I find Shakespeare confirming that late, vivid sense of mine that everything is much more than itself, as commonly reckoned, and that this imaginary island is the haunt of real souls, sacred as they will ever be, though now we hardly know what this means. Paul says we may take the created order as a revelation of God’s nature. We know now that there is another reality, beyond the grasp of our comprehension yet wholly immanent in all of Being, powerful in every sense of the word, invisible to our sight, silent to our hearing, foolish to our wisdom, yet somehow steadfast, allowing us our days and years. This is more than metaphor. It is a clear-eyed look at our circumstance. Let us say that this quasireality is accommodated to our limitations in ways that allow us an extraordinary efficacy. To me this would imply a vast solicitude, and a divine delight in us as well.

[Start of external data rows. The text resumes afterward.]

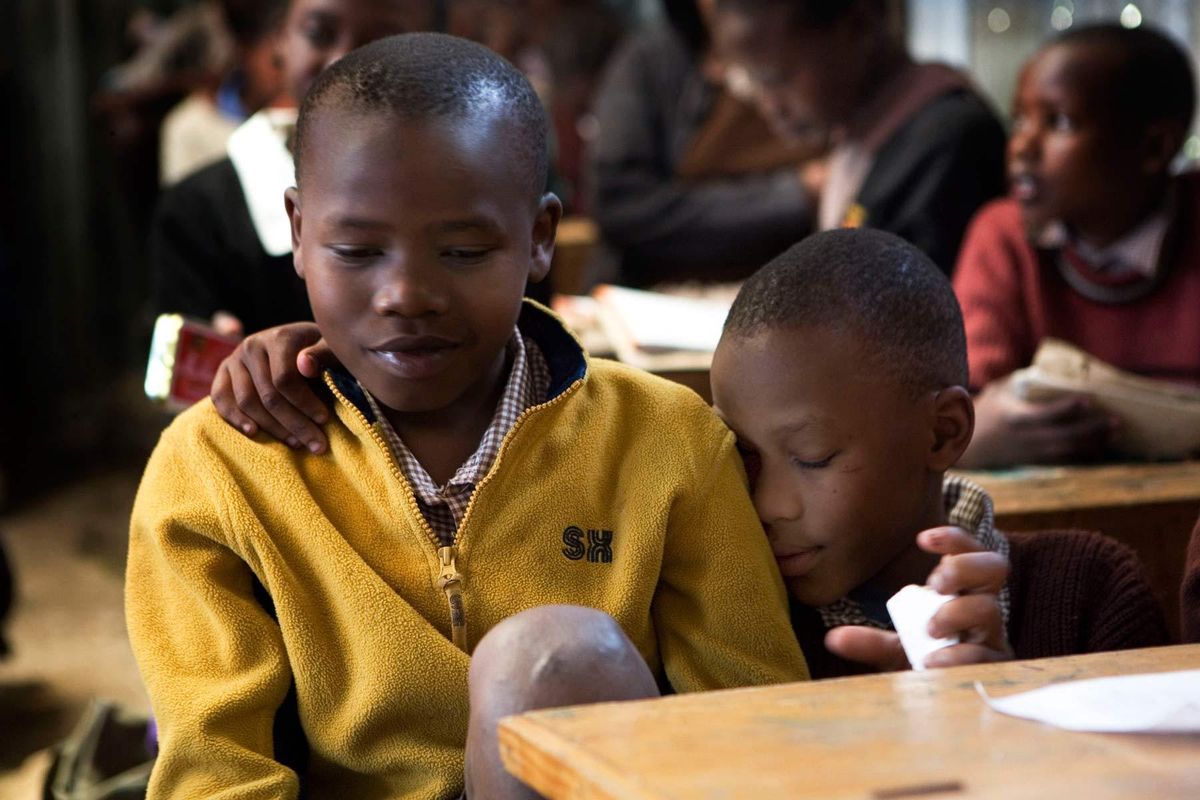 Mutava and Braise together in class five B at St. Catherine's primary School in the Marigoni slums.© Hazel Thompson Carried on friendship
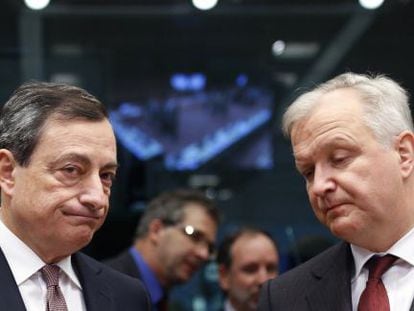 Mario Draghi e o comissário de Assuntos Monetários, Olli Rehn.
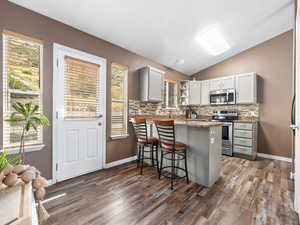 Kitchen with level 3 granite counter tops
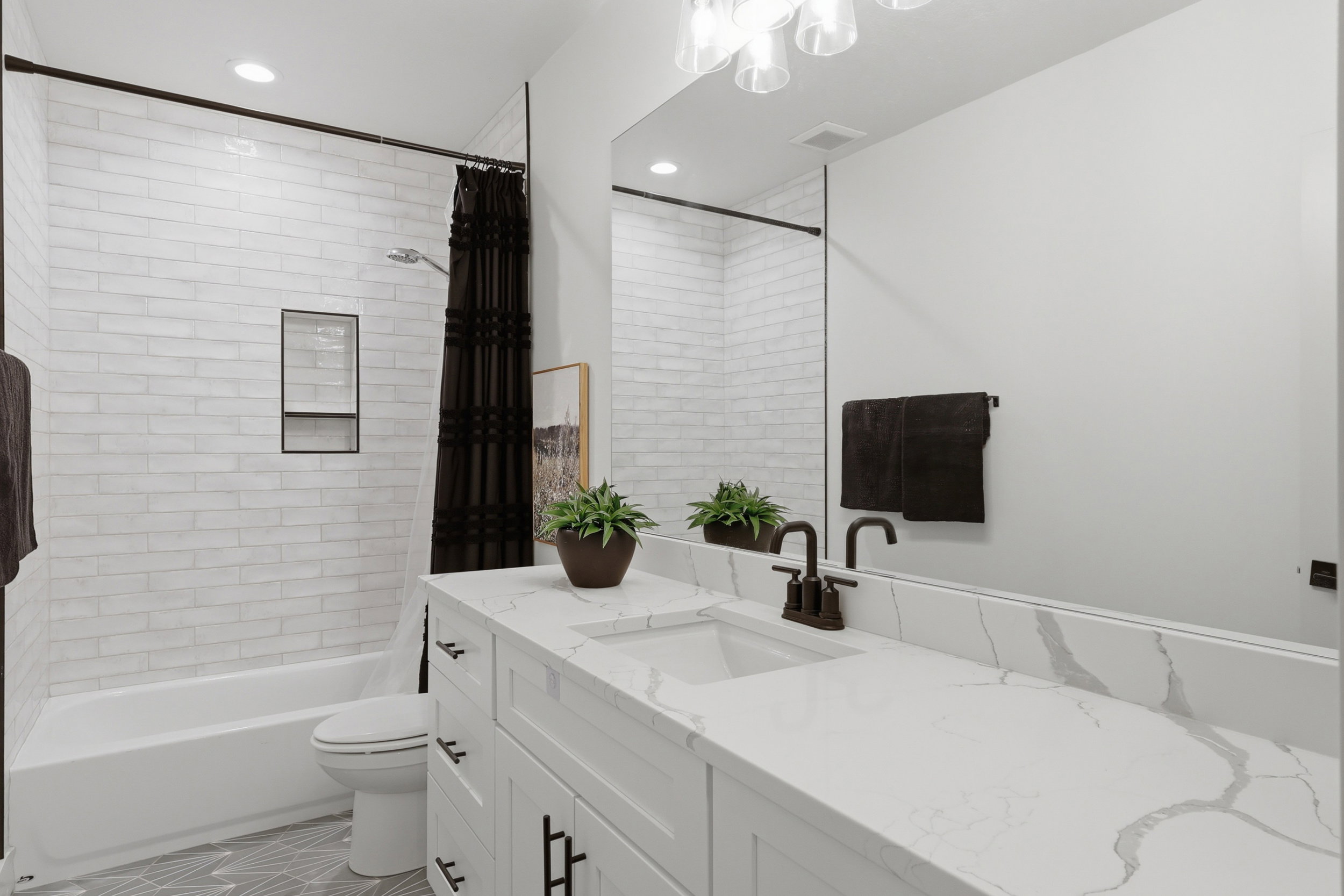 Bathroom featuring a white subway tile shower surround with a built-in niche, a white tub, and a vanity with a white countertop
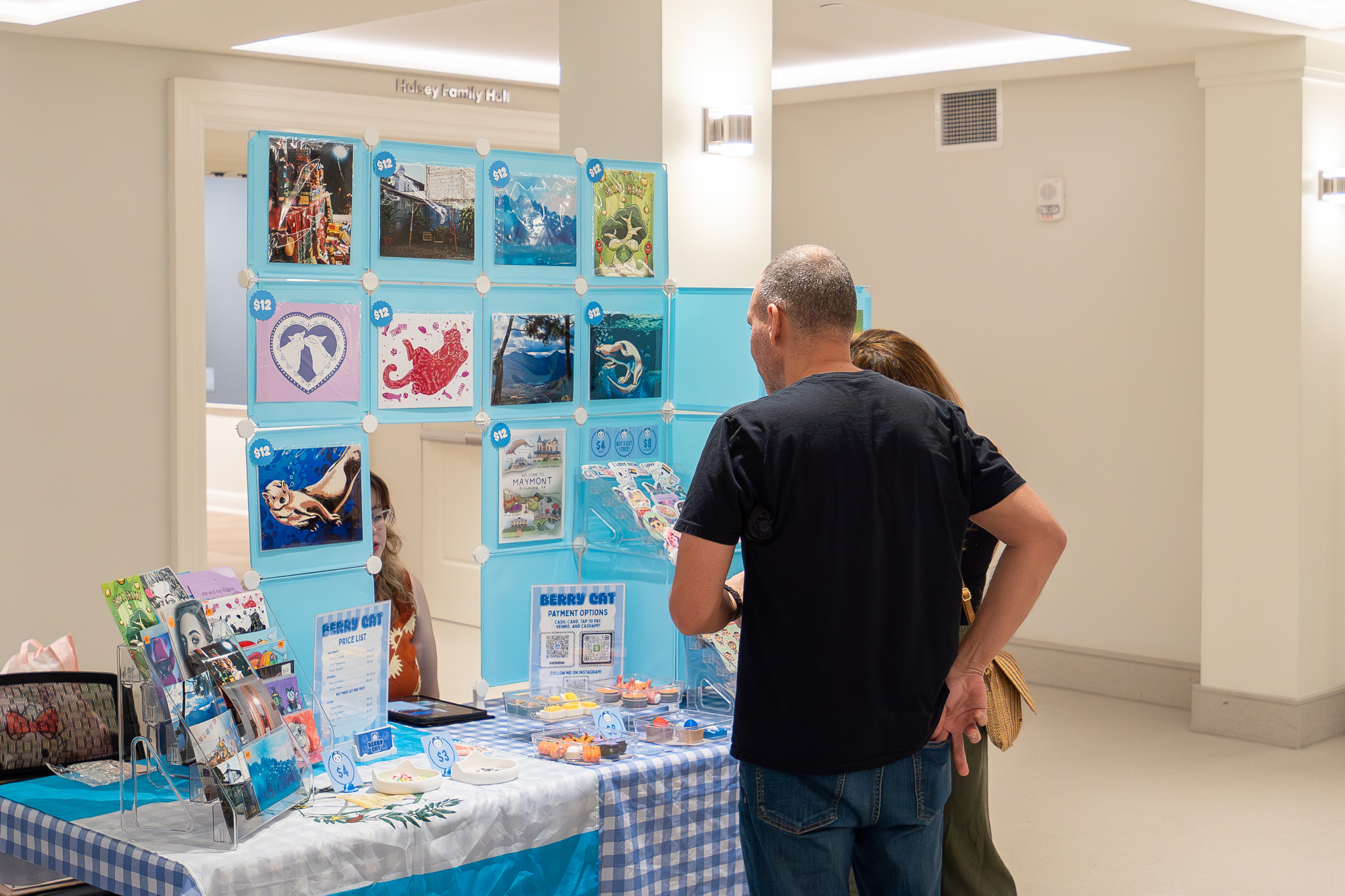Two people stand at a checkered table displaying books and colorful artwork in a bright room.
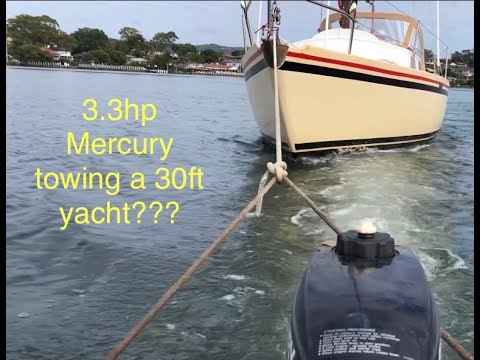 Tiny outboard big boat 3.3hp Mercury towing yacht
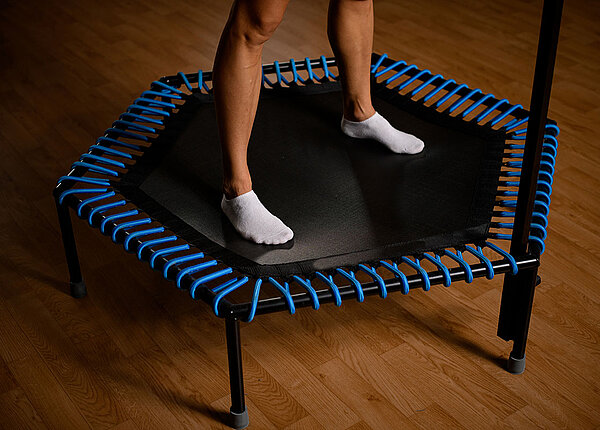 Gelenkschonendes Training mit dem Mini-Trampolin Nahaufnahme von weiblichen Beinen auf einem Mini-Trampolin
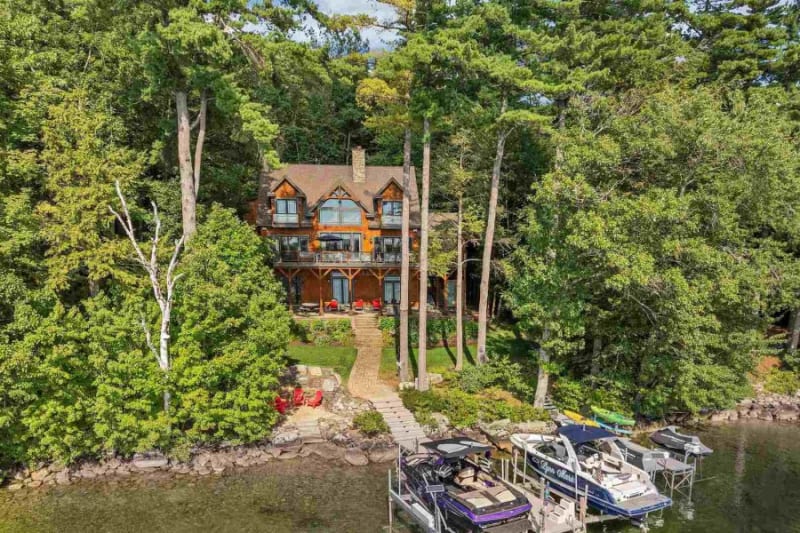 Stunning lakefront exterior with expansive deck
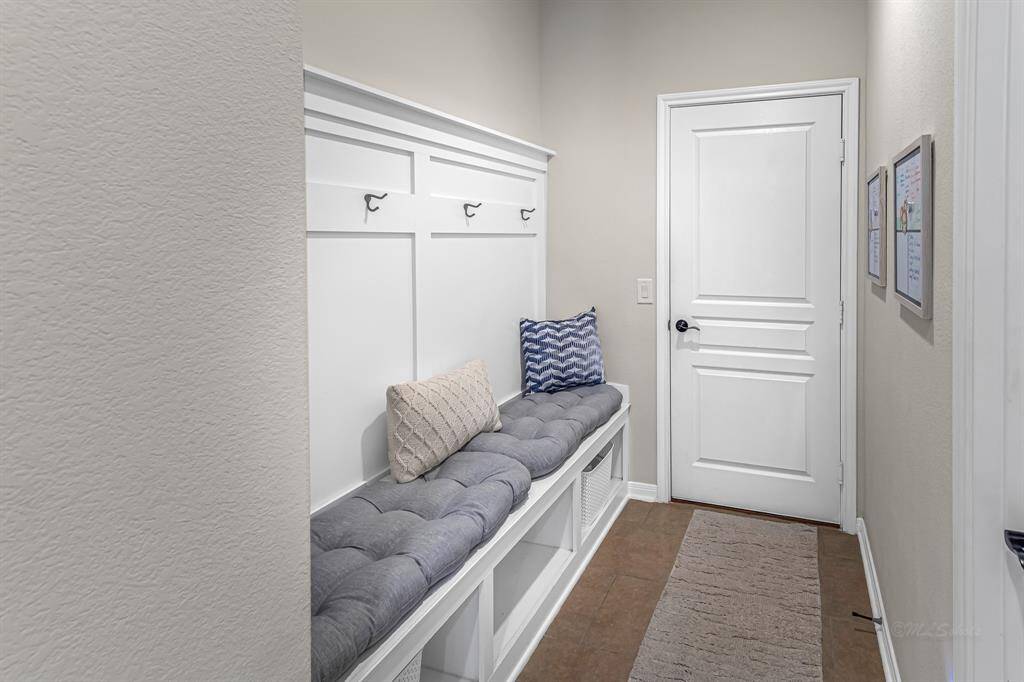 Primary bath also has a large soaking tub and extra shower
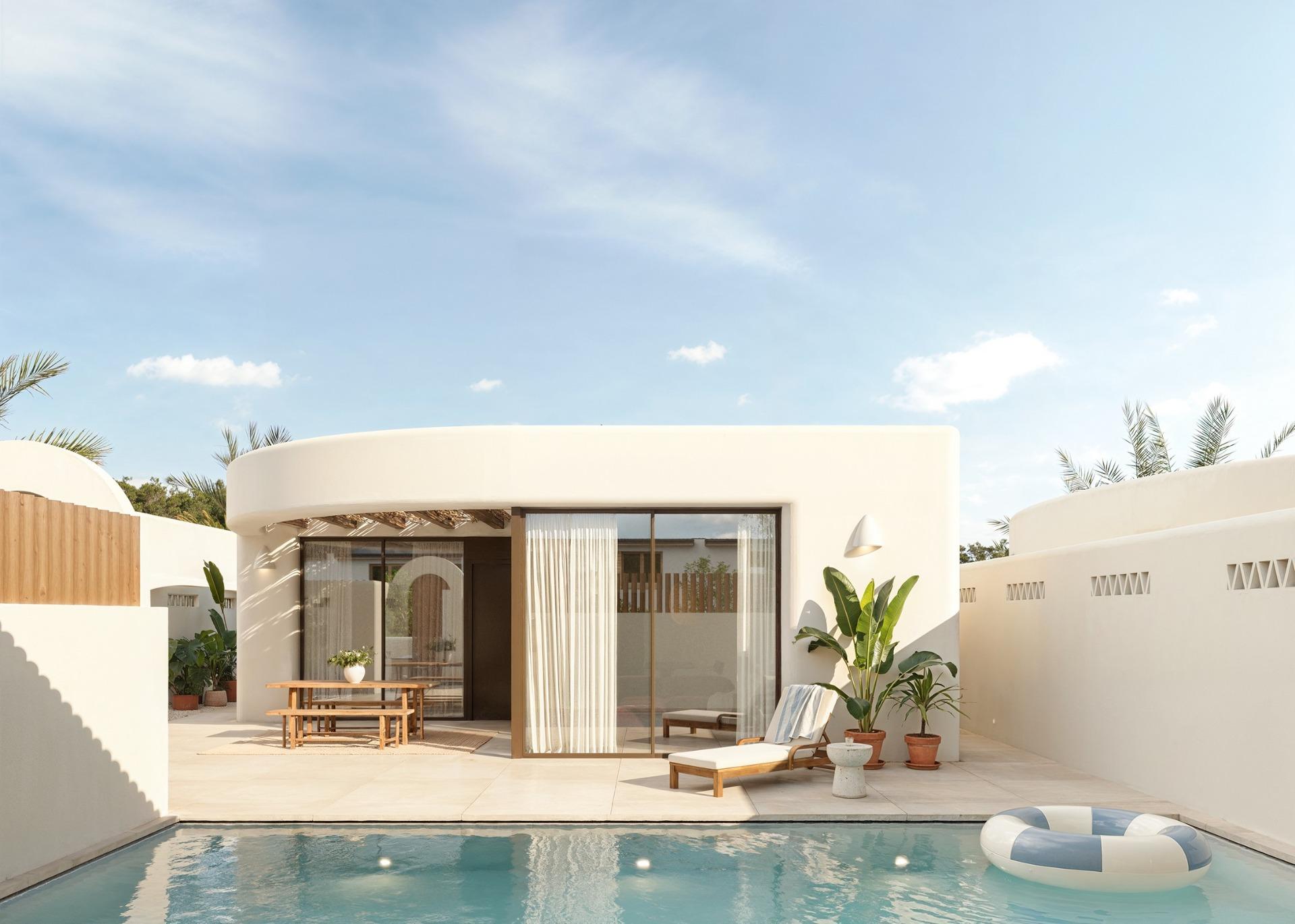 Elegant sun-drenched Ibiza style villa exterior with private pool and minimalist terrace on La Finca Golf, Algorfa, Costa Blanca.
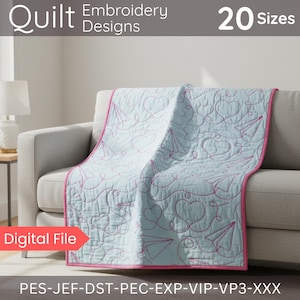 May include: A light blue quilt with pink trim and embroidered paper airplane and heart designs. The quilt is draped over a gray sofa. The text "Quilt Embroidery Designs 20 Sizes" is visible. The words "Digital File" are also visible.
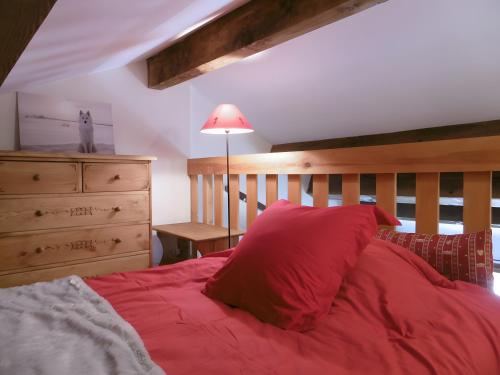 a bedroom with a red bed with a wooden headboard at Logis Des Cerfs in Puyvalador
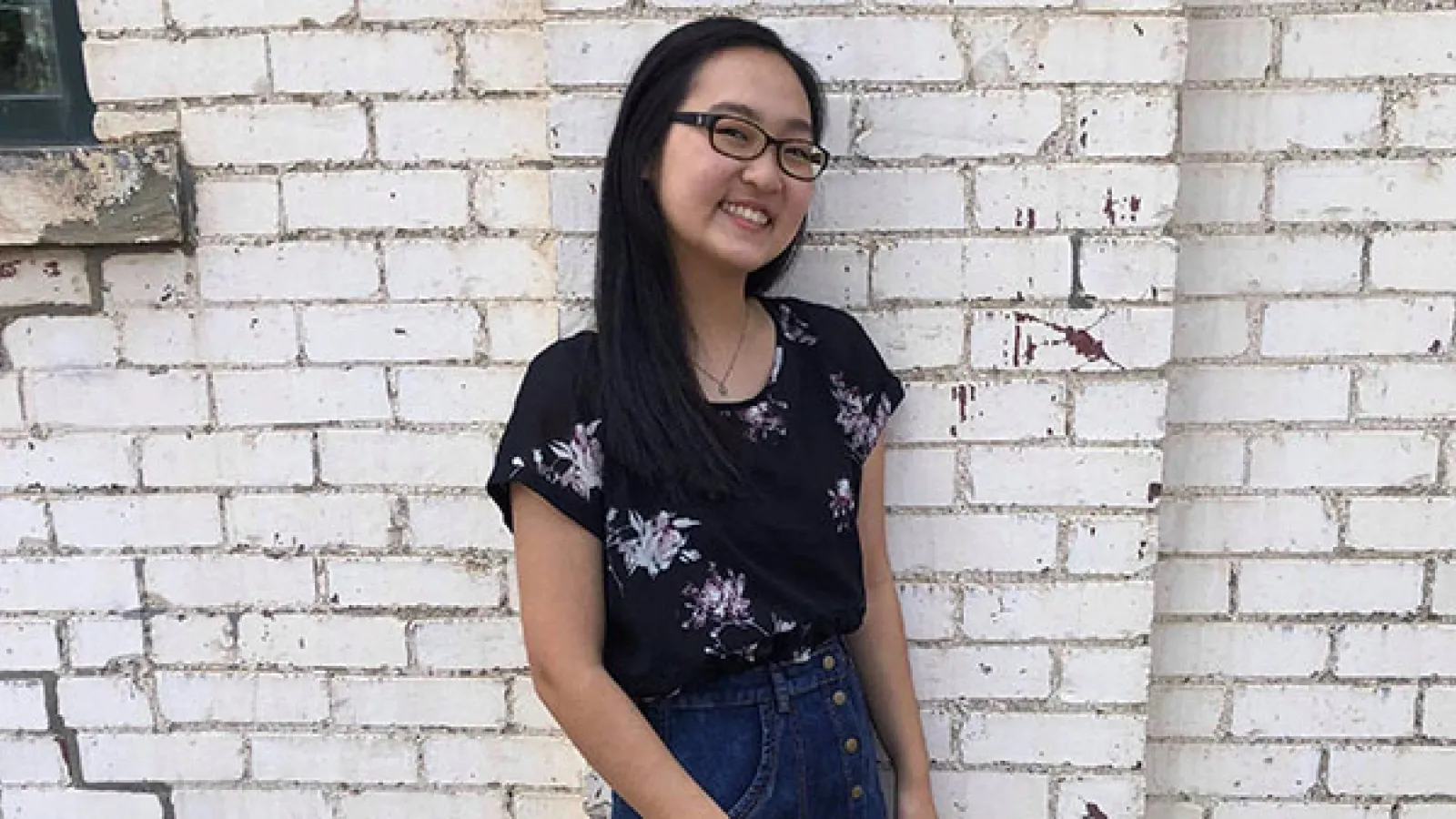 Photograph of Deborah next to a brick wall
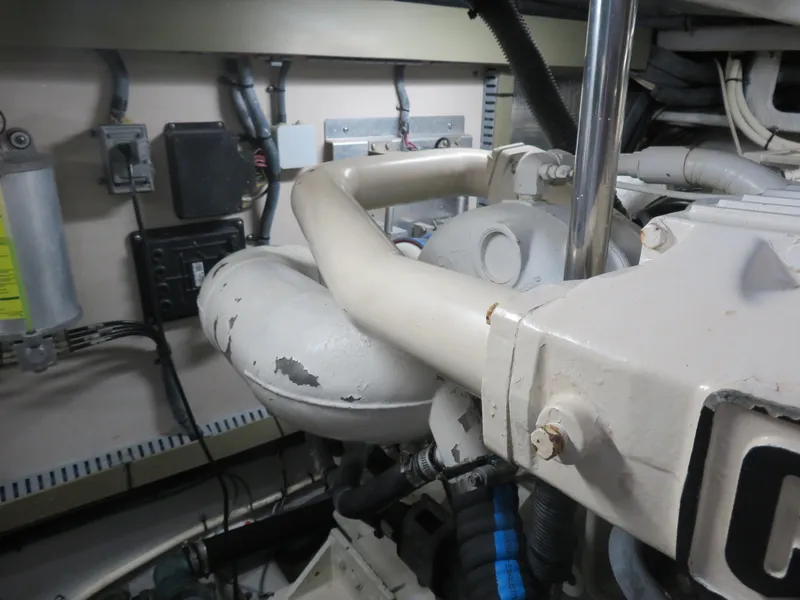 Slide: The Image of Engine room of a 2001 Sea Ray 510DA yacht, showcasing mechanical components and wiring. - 31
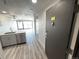 Modern kitchen with stainless steel appliances and wood-look floors at 100 Park Ave # 1405, Denver, CO 80205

The Prologue to the strange play Pericles, Prince of Tyre says the tale it tells is an old song, sung, among its other benign effects, “to make men glorious.” Again, this tale ends in recognition and restoration. Pericles is stirred from his trance of grief by the voice of a daughter he has not known, whose voice he has never heard. Thinking her dead, he has given way to utter sorrow. So her being restored to him is like resurrection. He sees her as he might never have seen her — miraculously herself. The tale “makes men glorious” by allowing plausibility to drop away in profound deference to human particularity, human love and loyalty and worth. I take these pious pagans to be living out a meditation on the meeting in the Garden, the supper at Emmaus. Our love and hope are sacred, and existence honors and will honor them though the heavens finally roll up like a scroll.